•         AI acts as a meta-risk, amplifying existing operational, cyber, and third-party risks
•         Firms must adapt current risk frameworks to manage increased speed, scale, and complexity
•         Training and clear accountability are key controls for third-party reliance and shadow AI
•         Traceability of AI-driven decisions is a major governance challenge, beyond just data quality
•         Long-term success depends on resilience and continuity when AI systems or providers fail
•         Governance must evolve to manage AI-driven     decisions, dependencies, and autonomous systems

Ahead of the Next Gen OpRisk Europe Summit, we spoke with Rayan Bhattacharya to explore how organisations are navigating the rapidly evolving risk landscape shaped by AI. He shares insights on why AI should be viewed as a “meta-risk,” the growing importance of resilience, and how firms can strengthen governance while continuing to innovate responsibly.

How is your organisation currently assessing the operational, ethical, and governance risks associated with AI in decision-making processes?

Rather than treating AI as a novel risk type, we view it as a strategic “meta-risk” that amplifies the speed, scale, and interconnectedness of existing risks. AI increases the surface area and velocity of risks we already manage, including data quality, technology and cyber, third-party, model, and operational resilience risks. The challenge is therefore less about creating entirely new frameworks and more about adapting existing ones to a faster-moving environment.

What controls do you find effective for managing risks arising from third-party AI solutions and shadow AI usage across the business?
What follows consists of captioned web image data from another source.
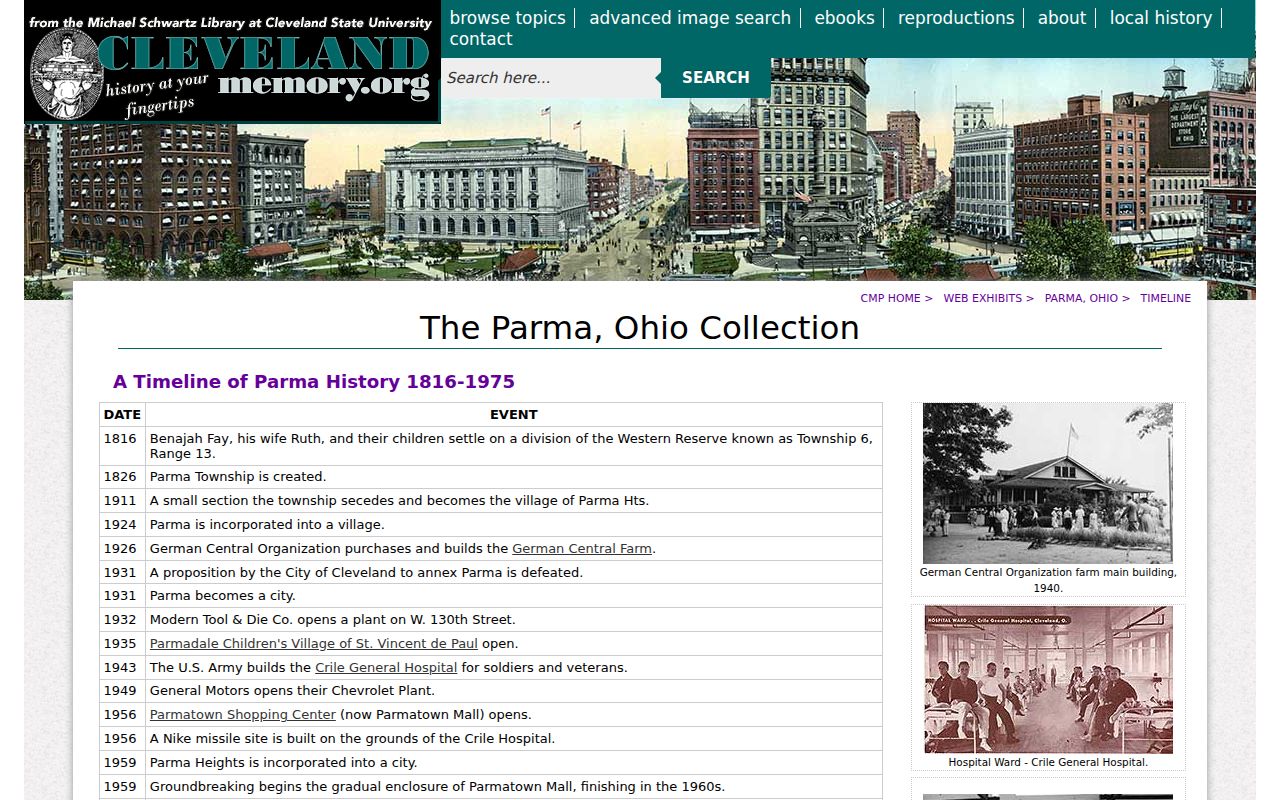 Parma Heights city directory historical timeline research source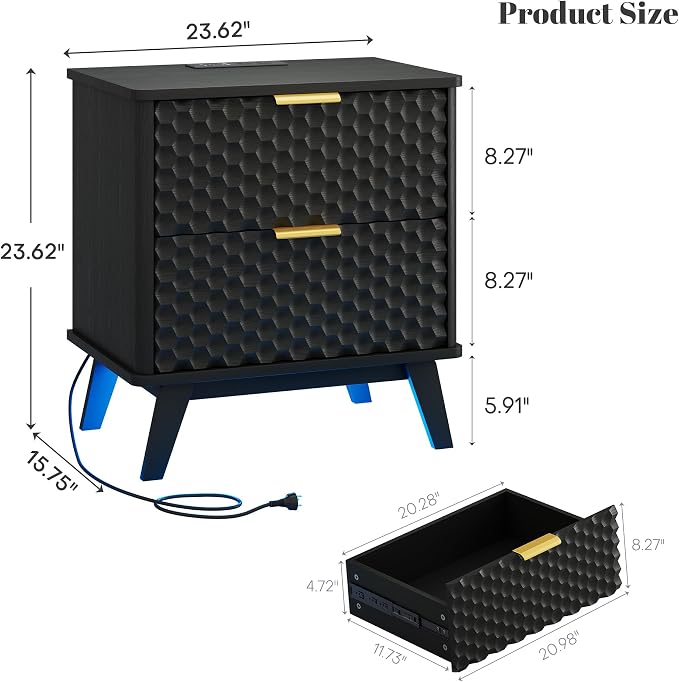 LVSOMT Smart Nightstand with Charging Station and LED Lights, 23.62" Wide Night Stand with 2 Drawers, Motion Sensor Motion-Activated Underlight, Honeycomb Bedside Table for Bedroom, Black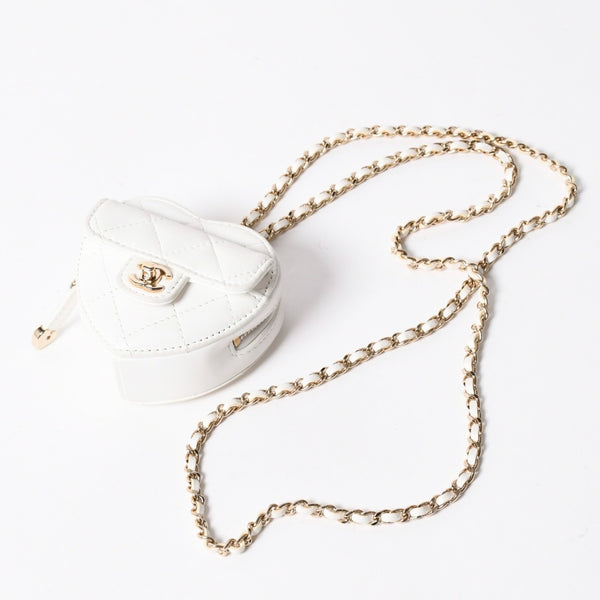 CHANEL シャネル ハートシェイプ コインパース チェーンポーチ AP2783 32番台 ココマーク ラムスキン ホワイト ゴールド金具 美品 中古 4a007174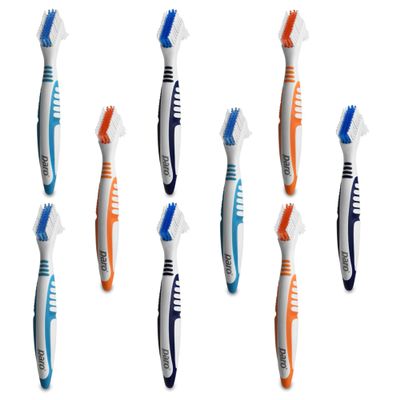 Paro Clinic Denture Brush, Denture Cleaning Double Sided Toothbrush for Dentures and Retainers, Hard and Soft Multi-Layered Bristles and Anti-Slip Handle, Made in Switzerland, Pack of 9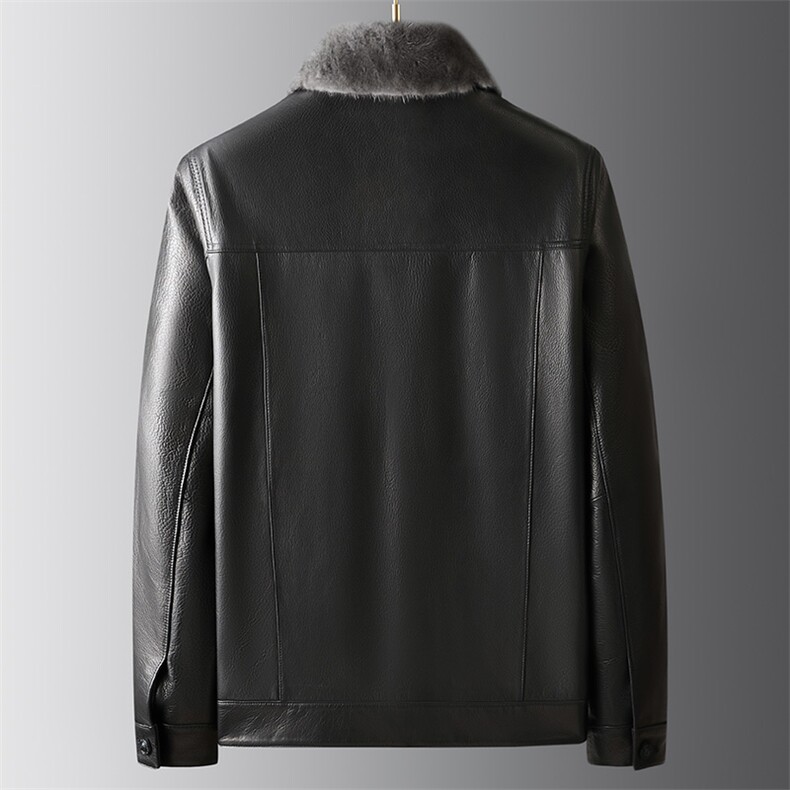 冬季新款海宁羽绒服男鹅绒皮衣加厚山羊皮外套水貂毛领P1150,男装皮衣,电商B360
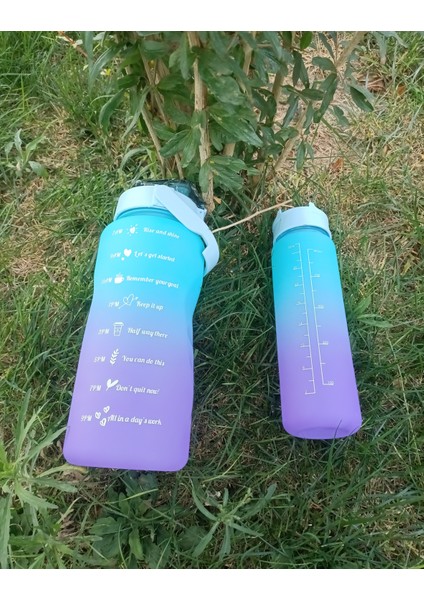 Motivasyonel 2 Lt + 900 ml 2'li Sporcu Motivasyon Su Matarası Dayanıklı Mavi Mor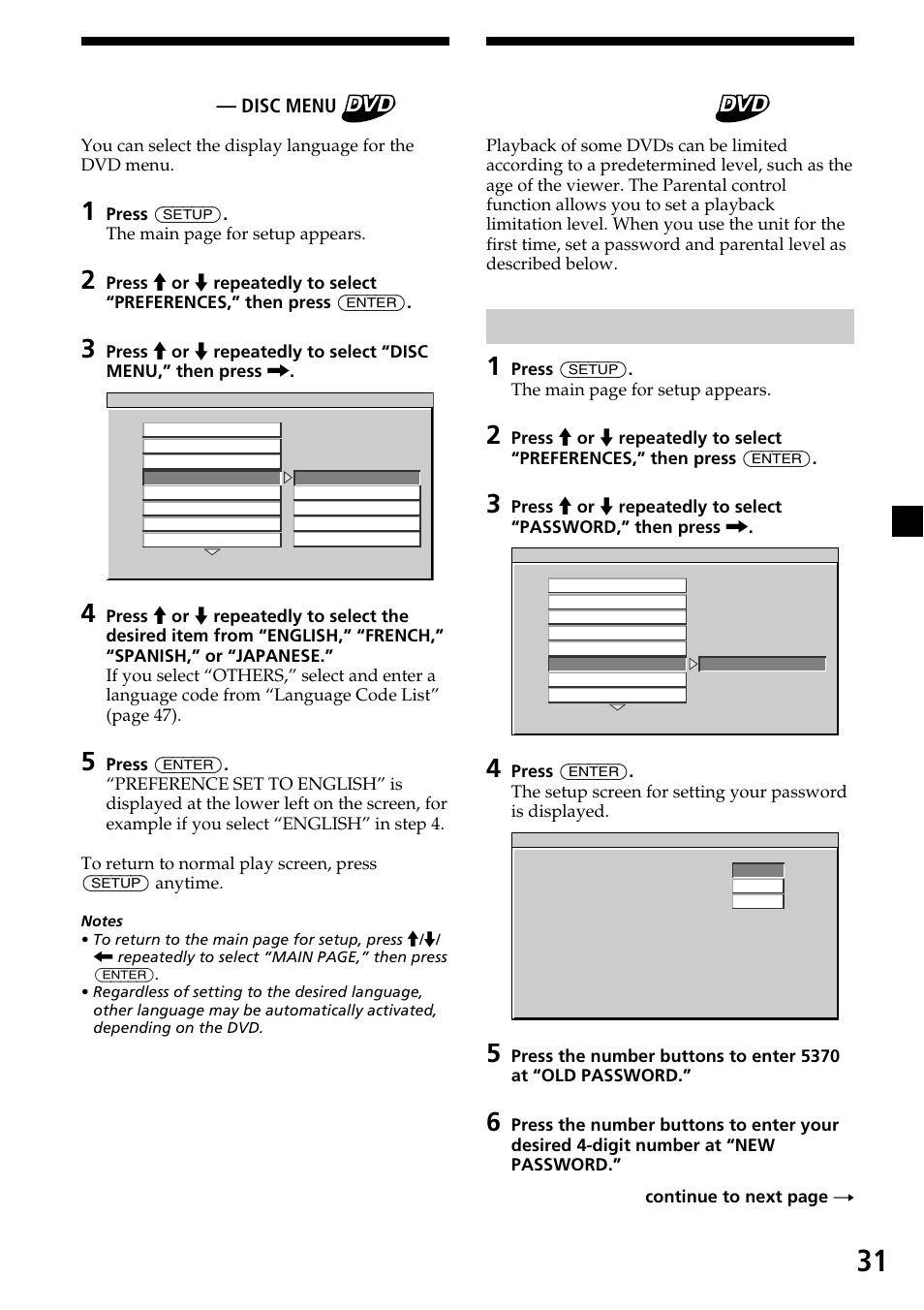 Selecting the dvd menu language — disc menu, Preparing for the initial parental setting, 31 preparing for the initial parental setting | Selecting the dvd menu language, Setting the password, Disc menu | Sony XVM-R90D User Manual | Page 31 / 140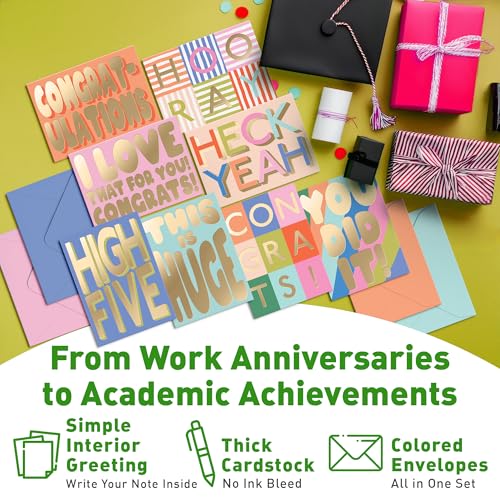 Image of Sweetzer & Orange S&O Fun Congratulations Cards with Envelopes - Colorful Congrats Card Pack of 24 - Encouragement with Envelopes - Appreciation for Coworkers - Boxed Compliment Cards - Recognition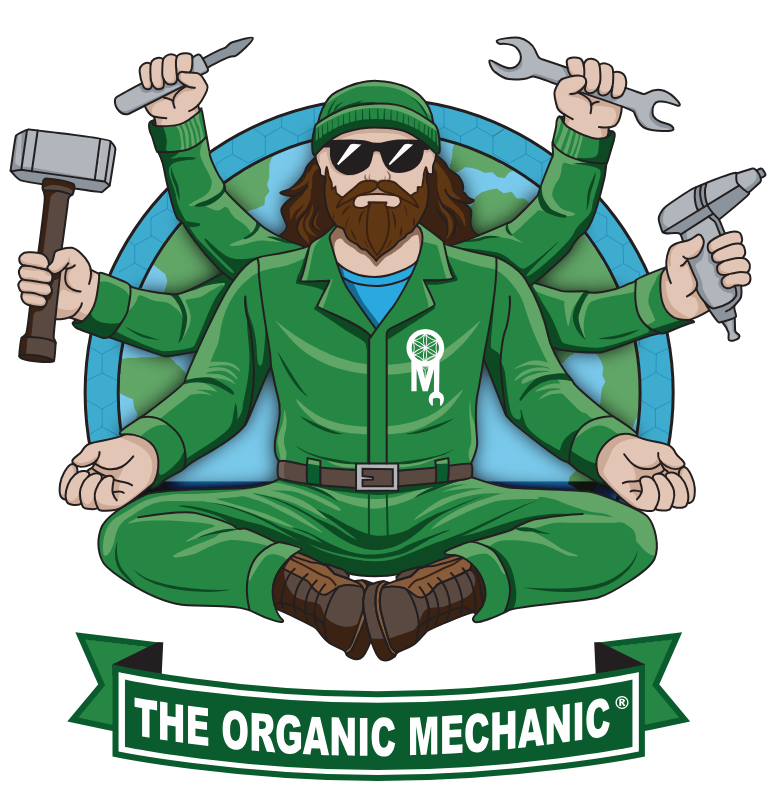 a logo for organic mechanic service and repair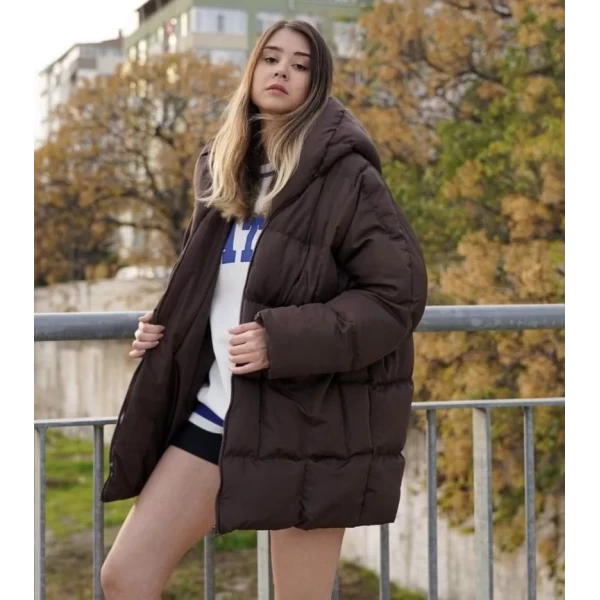 Kahve Yarasa Kol Oversize Şişme Mont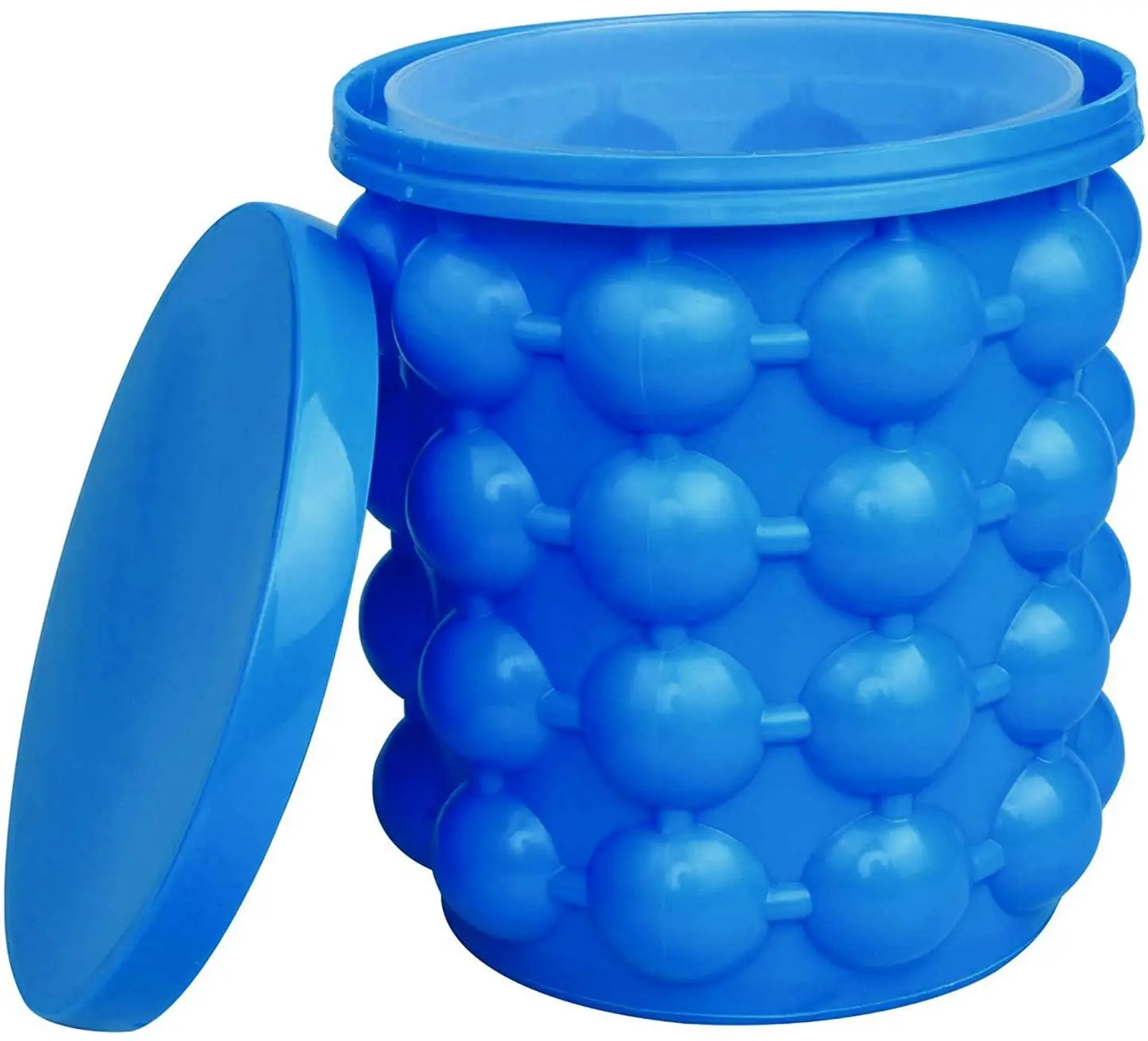 

Hot selling Cost-effective 2 in 1 Space Saving Ice Cube Maker Ice Cube Mold Round Blue Ice Bucket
As with other innovative third-party services, firms must manage dependency on AI providers given vendor concentration, high switching costs, and limited influence over provider governance. The key challenge is that firms increasingly outsource capability while retaining accountability for outputs. While enhanced TPRM, accountability regimes, and regulation may help over time, the most effective near-term control for both third-party and shadow AI remains firm-wide training that reduces human failure. This should be reinforced by meaningful consequence-management mechanisms that promote positive behaviours.

What are the biggest gaps or challenges you see when it comes to data quality, governance, and traceability for AI models and outputs?

The biggest immediate challenge for large banks is figuring out how to best internally govern AI use cases and outputs of AI models, which are provided largely by a small number of third parties over whom banks have limited visibility. The core issue is less data quality itself and more the traceability of how outputs influence decisions. Rather than relying solely on third-party governance, firms should establish internal standards ensuring AI-generated reasoning can be documented, reviewed, challenged, and understood before informing critical business decisions.

As AI adoption accelerates, how do you see organisations striking the right balance between enabling innovation and maintaining robust risk controls?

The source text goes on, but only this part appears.